Pages created and updated by Terry Sturtevant Date Posted: September 18, 2017

PC/CP220 Digital Electronics Lab

Encoder Lab



In this lab you will wire a keypad with a priority encoder.

7-segment display

Encoder Chip

We will use the 74147 IC as the encoder in our circuit. This encoder is called a 0-line-to-4-line priority encoder by the manufacturer. The 74147 takes the selected input and outputs the corresponding 4-bit binary number. See the datasheet for more information.
74147 decimal encoder
74147 function table 74147 schematic diagram
"No connection" pins

Occasionally a chip will have one or more pins marked NC for "no connection. These pins should be left unconnected.

Hexadecimal Keypad

A keypad provides an easy input device to a digital circuit. It consists of several switches, one under each key, which have one of their two poles in common.
The pins for the keypad aren't connected in numerical order. You can see which pin goes with which key by looking at the bottom of the keypad. (If you look for the pin with no visible connection to a key, you can find the common pin.)

keypad top and bottom view

Because the side-by-side image is reversed left-to-right when it's upside down, it may be easier to figure out in the following diagram:

keypad alternate top and bottom view

Here's how the pin connections go, looking from the top:

keypad pin map

The common pin has the circle drawn on it.
(Note that A and E don't follow the normal pattern.)

Active high inputs

To use a key to send a HIGH (1) signal, one must connect the common pin to 5 volt supply and put a resistor to ground from each of the other pins, as with the DIP switch package. Using 16 individual resistors to do this it would be rather tedious, so we will once again use the resistor arrays. The particular resistor array which we will use has several resistors in it which all have one end in common.
Since the common pin for the keypad is sort of in the middle, note that the resistor array on the left has to have its common pin on the left, while the resistor array on the right has to have its common pin on the right.

keypad for active high output

Active low inputs

In some cases, such as in this lab, you will be using the keypad for input to devices which use active low inputs. This means that you will want a key pressed to give a low output on the corresponding line. To do this, simply switch the common connections of the keypad and resistor array mentioned above. This means you will connect the common pin of the keypad to ground and the resistor array to Vcc (+5V).

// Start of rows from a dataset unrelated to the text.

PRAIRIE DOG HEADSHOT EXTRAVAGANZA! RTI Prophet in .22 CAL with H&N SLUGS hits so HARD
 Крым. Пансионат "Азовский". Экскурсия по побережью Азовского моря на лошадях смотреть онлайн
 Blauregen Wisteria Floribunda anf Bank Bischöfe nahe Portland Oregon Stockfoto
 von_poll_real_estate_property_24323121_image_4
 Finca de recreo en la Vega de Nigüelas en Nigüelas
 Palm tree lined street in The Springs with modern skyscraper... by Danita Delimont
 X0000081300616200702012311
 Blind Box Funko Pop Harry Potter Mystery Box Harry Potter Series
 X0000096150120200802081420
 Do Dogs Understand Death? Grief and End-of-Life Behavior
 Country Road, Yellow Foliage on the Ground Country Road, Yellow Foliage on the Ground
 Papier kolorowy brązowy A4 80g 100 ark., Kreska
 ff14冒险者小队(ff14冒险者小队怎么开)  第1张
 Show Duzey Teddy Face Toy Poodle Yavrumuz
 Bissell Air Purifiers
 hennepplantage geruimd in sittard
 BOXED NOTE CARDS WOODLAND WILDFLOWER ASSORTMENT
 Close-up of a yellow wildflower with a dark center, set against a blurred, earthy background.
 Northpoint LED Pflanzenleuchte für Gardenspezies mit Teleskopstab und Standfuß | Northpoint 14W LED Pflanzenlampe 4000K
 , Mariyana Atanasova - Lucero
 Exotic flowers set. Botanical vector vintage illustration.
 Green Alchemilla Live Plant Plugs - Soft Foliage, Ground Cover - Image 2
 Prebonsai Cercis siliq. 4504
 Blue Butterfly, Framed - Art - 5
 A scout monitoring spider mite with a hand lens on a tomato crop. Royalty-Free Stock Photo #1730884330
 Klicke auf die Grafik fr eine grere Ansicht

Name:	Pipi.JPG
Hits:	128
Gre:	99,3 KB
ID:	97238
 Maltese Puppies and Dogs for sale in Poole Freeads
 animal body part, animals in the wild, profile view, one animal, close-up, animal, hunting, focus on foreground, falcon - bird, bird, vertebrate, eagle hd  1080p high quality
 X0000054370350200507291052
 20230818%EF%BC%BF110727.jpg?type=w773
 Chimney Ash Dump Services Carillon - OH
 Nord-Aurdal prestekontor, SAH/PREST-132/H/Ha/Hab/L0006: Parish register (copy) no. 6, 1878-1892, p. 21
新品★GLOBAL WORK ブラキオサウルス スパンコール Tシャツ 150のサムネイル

keypad for active low output

The actual resistor value isn't critical; anything between about 100 Ω and 1 k Ω should work. If the resistors get too large, then the circuit will stop working; if the resistors get too small, there will be excessive current drawn from the circuit. Ideally you want to choose a large value that works consistently.


Parts list

Wiring an Encoder with I/O

  1. Look at the truth table for the 74147. Are its inputs active HIGH or active LOW?. You have to figure this out in order to figure out which way to wire up the keypad.
  2. Identify the appropriate picture showing how to wire the keypad and resistor arrays given what you determined about active high or active low inputs.
  3. Wire the decimal to binary encoder.
    Using what you know about modular design, in what order can you wire the different portions of the circuit to make it easy to debug? Hint: You haven't used the keypad before, so that is the most unfamiliar.
  4. Use the keypad as your input and the debugger board (in display mode) to display your output.
    Be sure to daisy-chain the breadboard and the debugger board, rather than using several clip leads or having clip leads holding more than one wire.

Question: If the encoder is "decimal", it should encode zero to nine. Why is there no input for zero? Think about this so you can explain the answer when you demonstrate your circuit.

Demonstrate the circuit to the lab demonstrator before you leave.